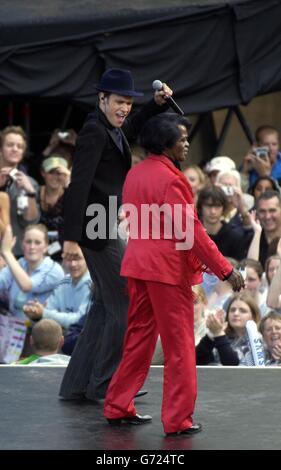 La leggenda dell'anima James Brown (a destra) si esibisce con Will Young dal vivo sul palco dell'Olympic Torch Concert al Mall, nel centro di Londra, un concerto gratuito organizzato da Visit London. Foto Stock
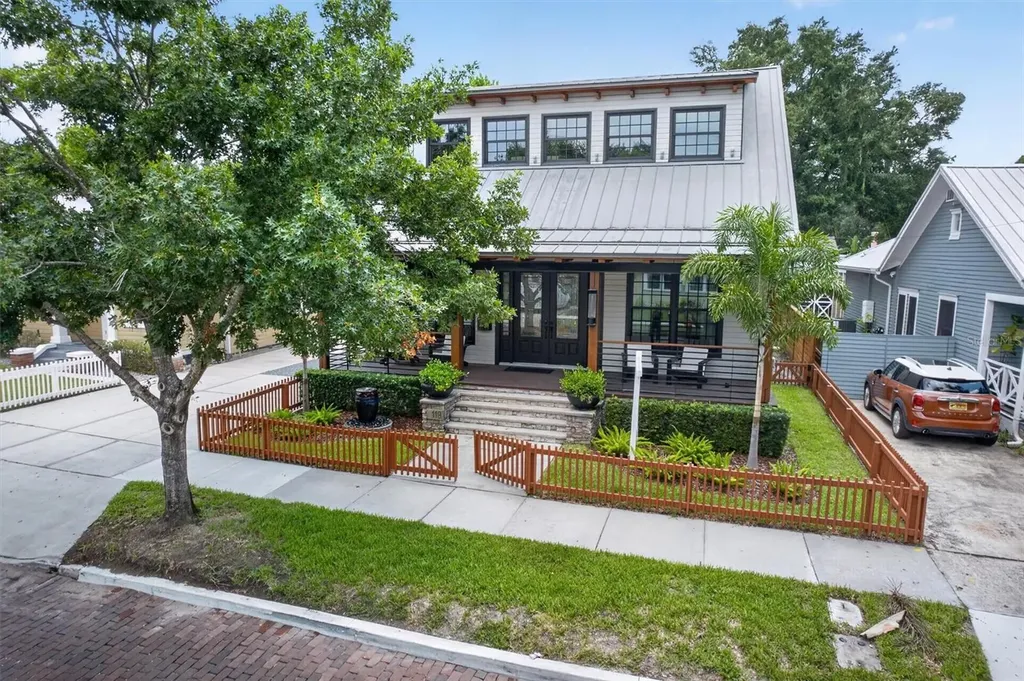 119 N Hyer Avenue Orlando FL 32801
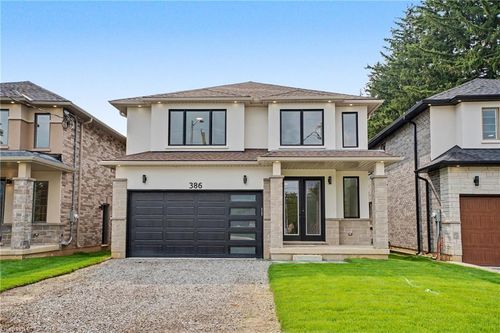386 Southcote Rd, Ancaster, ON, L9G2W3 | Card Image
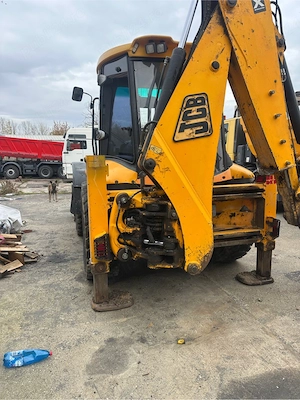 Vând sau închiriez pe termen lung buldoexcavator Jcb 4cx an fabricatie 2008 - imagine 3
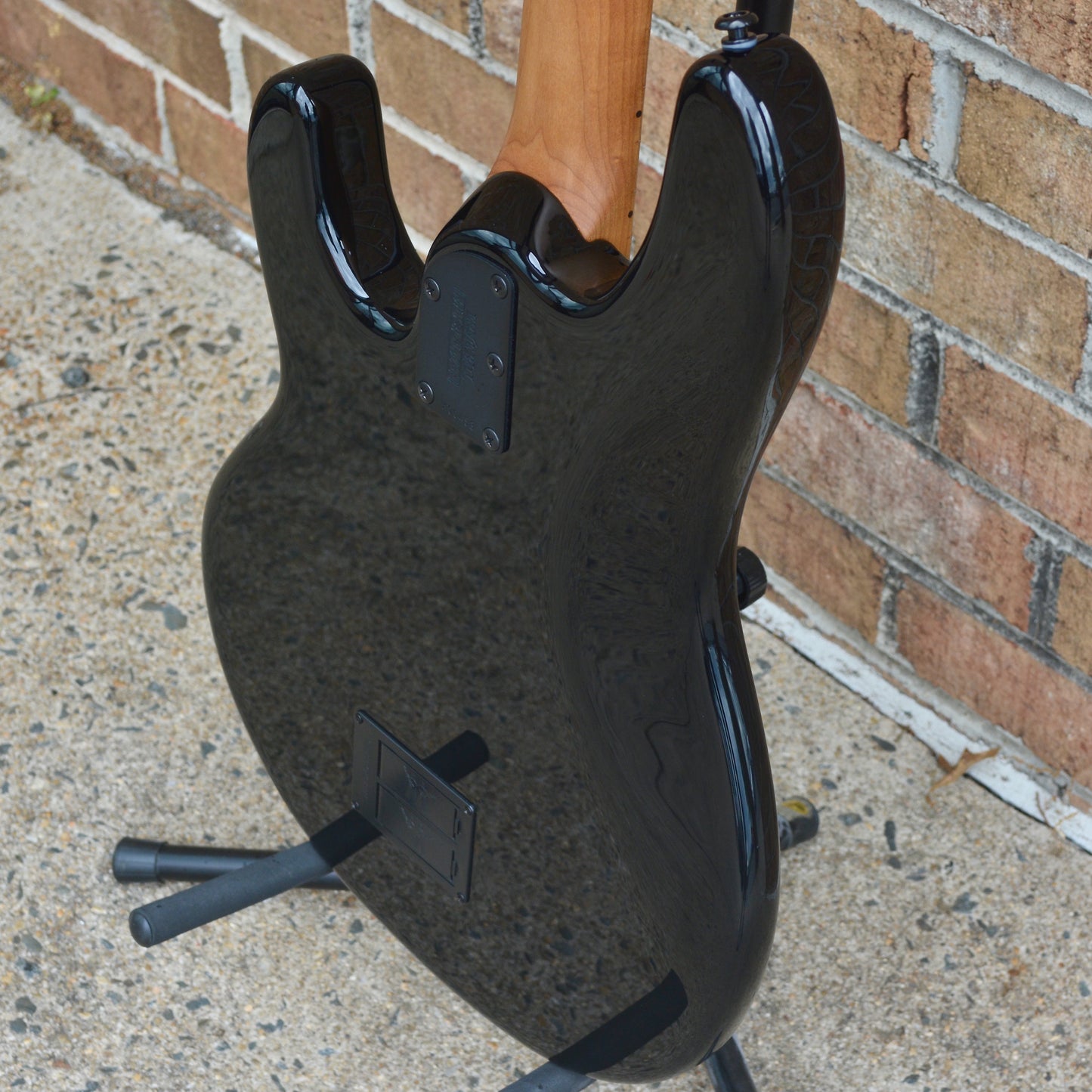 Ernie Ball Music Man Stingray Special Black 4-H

########

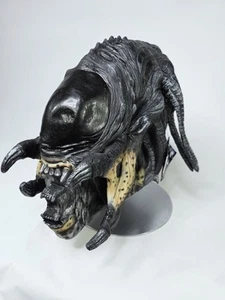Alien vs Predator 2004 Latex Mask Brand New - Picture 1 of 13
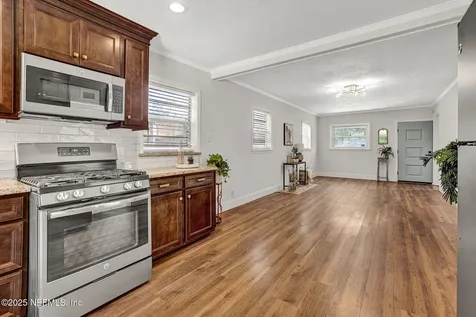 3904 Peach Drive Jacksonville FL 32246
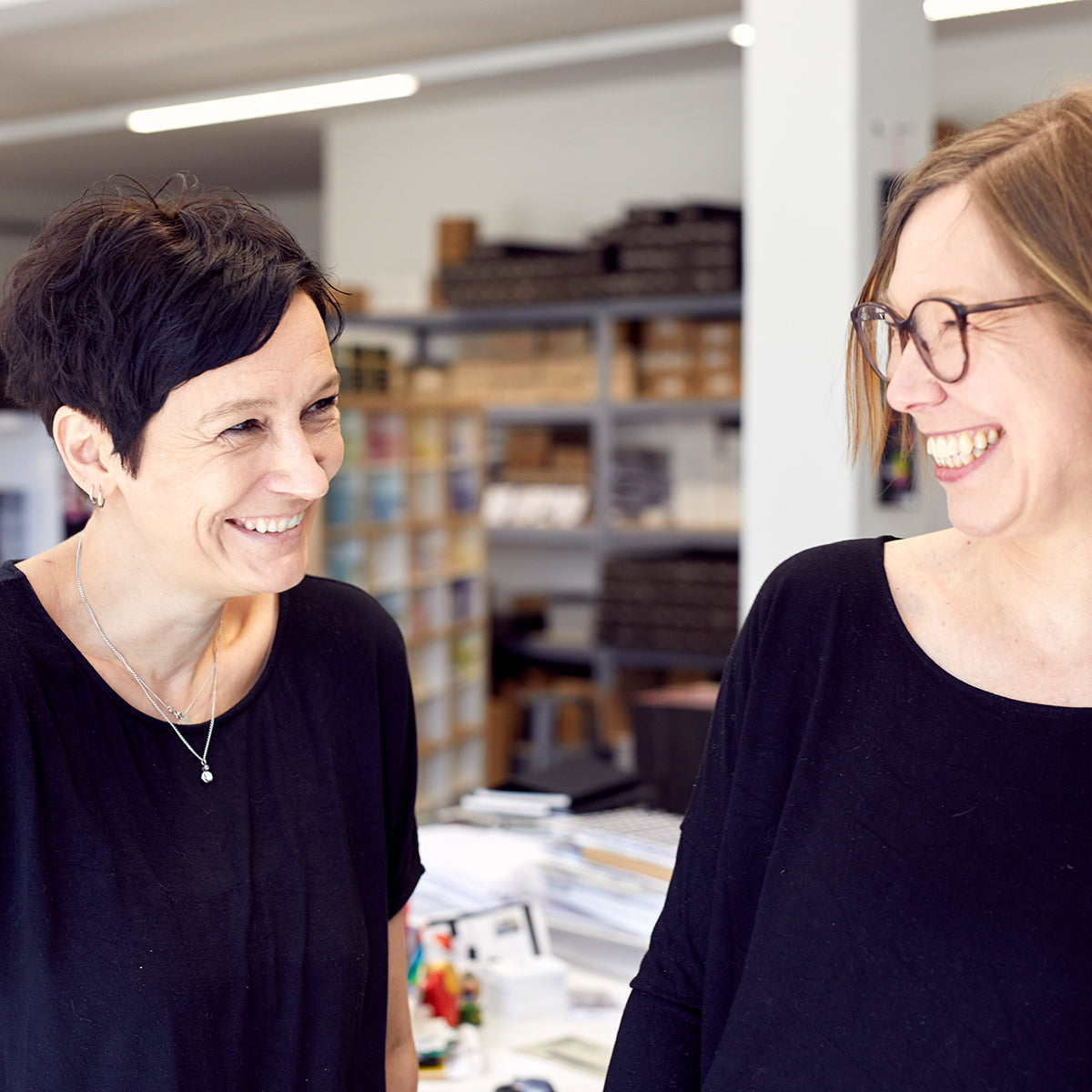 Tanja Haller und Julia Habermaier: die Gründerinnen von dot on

########

■ What this task involves
The stretch to restate runs from the line above containing "La leggenda dell'anima" through the line containing "Ernie Ball Music". Copy it word for word, ends included, without pictures.

■ Result of the task
 La leggenda dell'anima James Brown (a destra) si esibisce con Will Young dal vivo sul palco dell'Olympic Torch Concert al Mall, nel centro di Londra, un concerto gratuito organizzato da Visit London. Foto Stock
 119 N Hyer Avenue Orlando FL 32801
386 Southcote Rd, Ancaster, ON, L9G2W3 | Card Image
 Vând sau închiriez pe termen lung buldoexcavator Jcb 4cx an fabricatie 2008 - imagine 3
 Ernie Ball Music Man Stingray Special Black 4-H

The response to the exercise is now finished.